WashingtonPost.com's review of the Spice Girls from 2/21/08

Feb 23, 2008 07:07



WARNING:This was not a favorable review (but the show was AWESOME!)

Taking the Spice Girls Reunion With a Large Grain of Salt

By J. Freedom du Lac
Washington Post Staff Writer
Saturday, February 23, 2008; Page C01

It didn't take long for the newly reunited Spice Girls to get themselves back on a pedestal. All they had to do was ask their set designer for a boost.

The Girls made a big, self-exalting entrance at their Verizon Center concert Thursday night, rising from beneath the floor on elevator platforms, which lifted them several feet above the stage. With Emma Bunton, Melanie Brown, Melanie Chisholm, Geri Halliwell and Victoria Beckham (that's Baby, Scary, Sporty, Ginger and Posh to you) preening in their spangly Roberto Cavalli outfits and basking from on high in the approbation of the sold-out crowd, it was as though it were 1997 again in Spiceworld and the Spice Girls were still a global cultural phenomenon rather than a reunion-tour curiosity.

Spiceworld: nice place to visit, wouldn't necessarily want to live there.

For one thing, it's not a planet that embraces high art. "If you wanna be my lover, you gotta get with my friends/Make it last forever, friendship never ends," went the night's key chorus, from the group's breakthrough 1996 hit, "Wannabe," which was saved for the dizzying encore.

But they do know from entertainment in Spiceworld. Ooooh, girl, do they ever.
As pure pop spectacle, the Verizon Center show was exceptional, a wild sugar rush of staging, showmanship, glitter and wardrobe changes.

The Spice Girls aren't the most gifted vocalists. (They're not even the Pussycat Dolls.) But they performed with panache, oozing attitude and their curious brand of charm all over their eye-popping multi-level stage, which had plenty of moving parts -- including candy-cane stripper poles that were used during the treacly "2 Become 1."

Repeat: nice place to visit, etc.

For 100 minutes, the Girls powered through their old catalogue, covering all of their hits (the frothy "Stop," the jazzed-up "Too Much") and some of their misses (including the Isla Bonita import "Viva Forever" and the hyper-sexualized hip-hop of 2000's "Holler," which should have been a hit).

Singing into bejeweled microphones, the Girls added a new love song to the set, too: Reunion single "Headlines (Friendship Never Ends)," which didn't exactly make headlines in the United States, peaking at No. 90 on the Billboard Hot 100.
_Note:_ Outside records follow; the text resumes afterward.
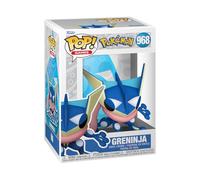 Funko Pop Games : Pokémon - Greninja - Figurine en vinyle à collectionner - Idée cadeau - Produit officiel - Jouets pour enfants et adultes - Fans de jeux vidéo - Figurine modèle pour collectionneurs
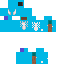 Blue suted Spiderman Skin 6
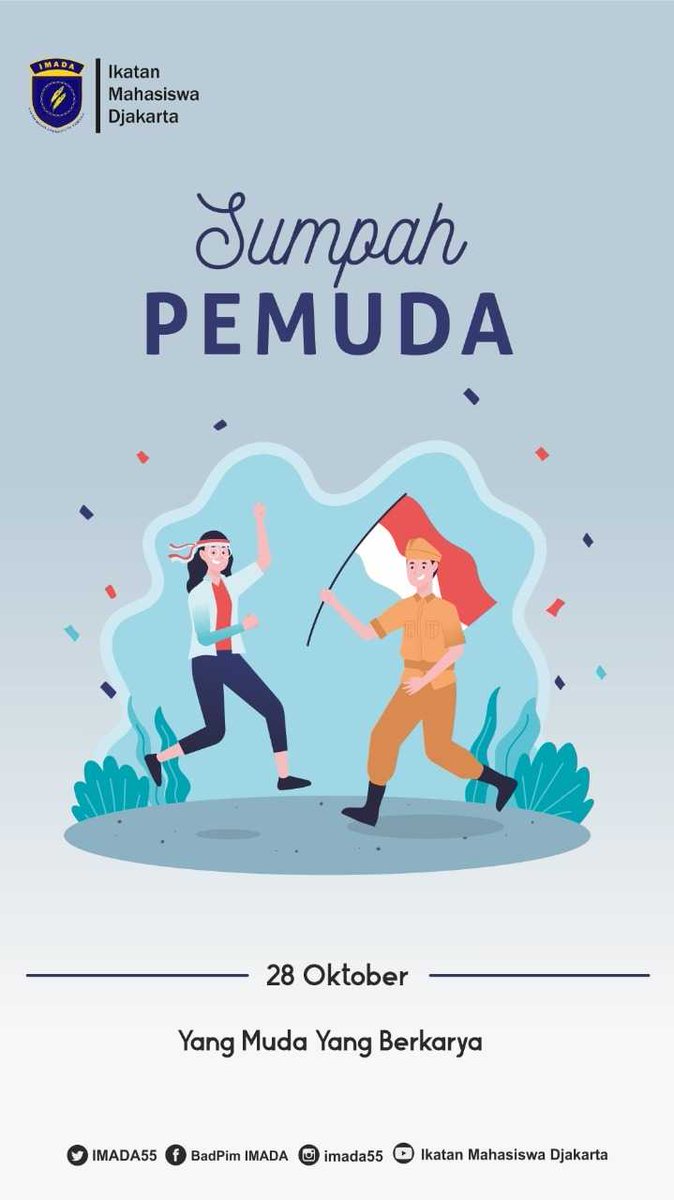 Selamat Hari Sumpah Pemuda!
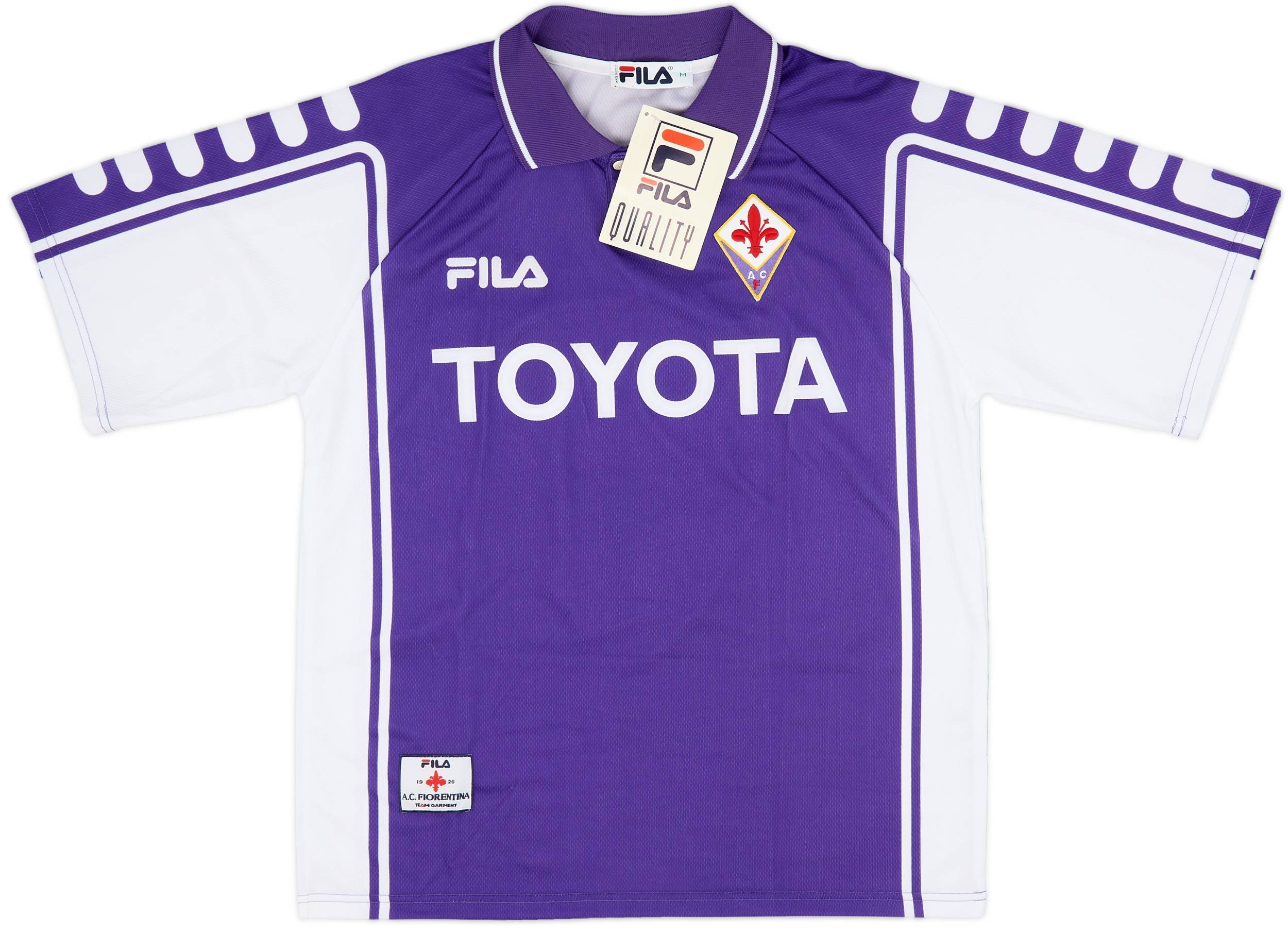 20-60代からのファッション通販  Shirt Home Fiorentina 1999-00 Batistuta (M) #9 ウェア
"When you're feeling sad and low/We will take you where you gotta go," the five 30-something Girls "sang" on their elevated platforms as the band ripped into the Latin groove of show opener "Spice Up Your Life."

"Smiling, dancing, everything is free/All you need is positivity."

So much for truth in advertising. Beckham's sneery Posh persona doesn't actually allow for her to smile onstage -- and the Spice Girls don't really "dance" during their concerts. (Having mastered the art of inertia, they left the hard, physical work to an acrobatic troupe of male dancers.)

But it's the "everything is free" part that really doesn't track: The "Return of the Spice Girls" tour is as much about earning power as it is about reviving the group's old "girl power" mantra. Tickets here were priced from $72.50 to $122.50 and were snapped up by a mix of mostly young female fans and, well, female fans who were much younger 10 years ago, when the group Really Mattered. Sales at the merch booths appeared to be exceptionally brisk, too. (Cost of a complete set of Spice Girls T-shirts, one for every member of the group: $200.)

Of course, the Spice Girls always seemed to be a triumph of marketing and market research more than anything, having been created in the mid-'90s by a father-son team that noticed a huge niche in the pop-music market. They filled it, to the cha-chingy tune of 55 million albums sold, by constructing a group made up of five young British girls with five distinct stage personas and then arming the quintet with a message of female empowerment and a catalogue of prefabricated, PG-rated pop.

The group exploded internationally in 1996 and early 1997, but Halliwell quit in 1998, as the Girls' popularity was already starting to wane. The four others went their separate ways after releasing 2000's hopefully titled "Forever."

They're back now, but probably not forever: The tour winds down next week in Canada, with no future dates planned. It's unclear whether it's an issue of the Girls not getting along or the public having limited interest in buying what they're reselling. Whatever the case, they played nice enough to one another during the show while playing particularly well to the adoring crowd, vamping, waving and winking like runway models trying to win over important fashion editors.

Beckham especially. Posh generated the most heat by doing the least, her spotlight solo consisting of an attitudinous walk up and down the portion of the stage that extended into the middle of the arena floor as a Madonna remix played.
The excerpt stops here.